I am a plant killer. In spite of my best efforts, my plants at home have a tendency of giving up on life. (Perhaps that’s what made me such a good candidate for today’s weeding activity). It was only during Circuit Breaker that I took up gardening once more, this time with cucumbers and cherry tomatoes, and I realised where I had gone wrong in the past. I had always assumed that my job was to scatter the seeds, provide water and sunlight, and then sit back and wait for the seedlings to shoot up. I have now realised that these initial bursts of dedication were not enough – my plants need consistent and continued care.
This morning, I joined my fellow volunteers from Jane Goodall Institute (Singapore) to do maintenance work at the Plant for Hope sites at Thomson Nature Park. Armed with hoes and enthusiasm, we wrestled with stubborn weeds that had overgrown the plot, with the goal of reforesting the plot with local tree species (the critically endangered Ailanthus integrifolia), so as to support a larger, local biodiversity of life. The Plant for Hope initiative, launched by Dr Jane Goodall herself when she visited Singapore in November 2019, is one of several Roots & Shoots programmes that hopes to inspire and engage the youth community in Singapore. Under Plant for Hope, 90 saplings were planted in a reforestation plot in Thomson Nature Park, in line with Dr Jane’s broader aim of regenerating forests around the world. Yet, just as my seedlings at home need continued care, simply planting saplings at Thomson Nature Park does not constitute reforestation. The fact that Dr Jane had planted the first tree here is not a guarantee of success nor sustainability. For any of our efforts to be truly sustainable, what is needed is sustained action – for example, our morning of weeding at the park.

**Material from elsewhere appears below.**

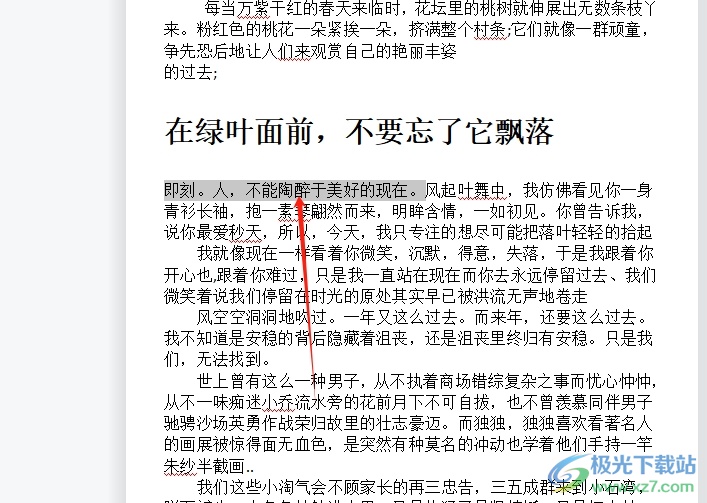 ​wps换行后自动换文字格式的教程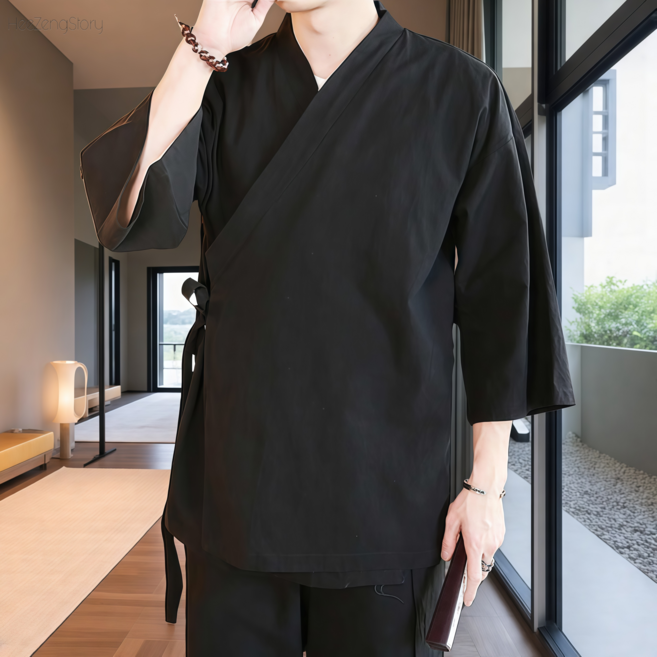 남자 생활한복 법복 저고리 남성 개량 한복 계량 상의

The digital native generations of today receive flak for nearly everything they do, particularly on social media platforms. For instance, ‘slacktivism’ and ‘clicktivism’ refer to the act of showing support for a cause by liking or sharing a post online, but not doing anything to change the real world. While I have my doubts about these criticisms, I do believe that our shortening attention spans are making us less willing to follow through with our good intentions. Sometimes I get overwhelmed by the constant news cycle of disaster and doom, and this compassion fatigue makes me afraid to invest too much energy into a single cause, in fears of missing out on another worthy cause. Regardless, I wonder if perhaps the buzzword of sustainability ought to be complemented by its less sexy but no less important sibling – commitment. And in turn, commitment requires collective action. On our own, dedication often becomes tiredness. But together, it is tireless. Whether it is the volunteers at JGIS, the Nature Society (Singapore), or the numerous visitors at Thomson Nature Park this morning who expressed interest in helping out, there are more than enough of us who have this love of nature. It’s up to us, now, to put that love out into the world.
Real change never happens overnight. Reforesting Singapore with native species will take decades, and in these first few years of growth, our maintenance work is just as important as the initial scattering of seeds. Beyond trees, shaping a more sustainable Singapore requires our continued commitment, not just a single call for change. Indeed, we need to sow the seeds of hope (as Dr Jane advocates in her latest book, titled Seeds of Hope). But hope, once sown, must also be nourished and nurtured. I’ve learnt this the hard way, through wilting and withered plant babies. Yet my recent CB-inspired endeavour, sustained with watering and words of encouragement, shows signs of bearing fruit (cucumbers and tomatoes, to be precise). So, there is hope still!